Special tariffs or custom duties These are additional import duties imposed on specific kinds of imported articles under certain conditions. They are imposed for the protection of consumers and manufacturers, as well as Philippine products from undue competition posed by foreign made products. a. Marking duty b. Anti-Dumping duty c. Countervailing duty d. Safeguard e. Discriminatory duty Marking Duty Special duty of 5% ad valorem imposed or articles properly marked, collected by the commissioner, except when such article is exported or destroyed under the customs supervision and prior to final liquidation of the corresponding entry.

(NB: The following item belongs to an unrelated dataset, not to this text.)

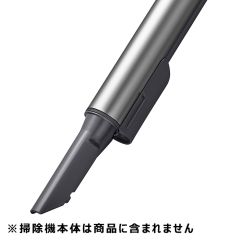 2179360810 2179360806 シャープ 掃除機用 すき間ノズル 【純正品・新品】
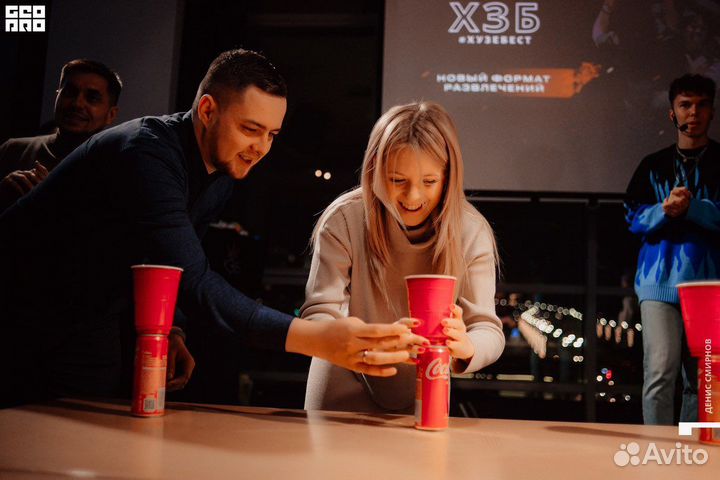 Организация День рождения, корпоратив, тимбилдинг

Purpose: To prevent possible deception of the consumers. Dumping Duty Imposed by the Secretary of Finance upon the recommendation of the Tariff Commission when: a. The price of the imported article is deliberately or continually fixed at less than the fair market value or cost of production; and b. Importation would cause or likely to cause an injury to local industries engaged in the manufacture or production of the same or similar articles or prevent their establishment. Amount of special duty: extent of the under pricing Countervailing duty Special duty imposed on imported articles which are granted any kind or dorm of subsidy by the government in the country or origin or exportation, the importation of which has caused or threatens to cause material injury to a domestic industry or has materially aided the growth or, prevents the establishment of a domestic industry. Requisites: 1. The levy of an excise tax or inland tax or local goods of the same or similar class as the article imported or the grant of subsidy to the foreign exporter by his government; and 2. The importation is likely to insure materially established local industries or prevent their establishments. Amount of special duty: Equal to the bounty or subsidy or subvention.

Safeguard duty – (R.A No. 8800) A.

General safeguard duty – duty imposed by the Secretary of Trade after positively determining that a product is being imported in increased quantities, whether absolute or relative to domestic production, as to be a substantial cause of injury or threat thereof to the domestic industry;

B. Special safeguard duty for agriculture-imposed by the Commissioner of Customs, upon request of the Secretary of Agriculture through the Secretary of Finance, on an agricultural product, consistent with our international obligations, either (a) when its cumulative import volume exceeds the trigger volume, or (b), even if trigger volume is not exceeded, it fails the price test. Discriminatory/Retaliatory duty Imposed on imported goods whenever it is found as a fact that the country of origin discriminates against the commerce of the Philippines in such a manner as to place the commerce of the Philippines at a disadvantage compared with the commerce of any foreign country. Preferential Tariffs It is the imposition of high customs duties which results to making the foreign goods more expensive compared with locally produced articles. This is to protect Philippine manufacturers from competition posed by foreign manufacturers. Other Types of Fees Charged by the BOC 1. Arrastre charge 2. Wharfage dues – counterpart of license, charged not for the use of any wharf but for a special fund known as the Port Works Fund NOTE: Wharfage dues may be imposed whether or not the wharf is privately owned or owned by the government.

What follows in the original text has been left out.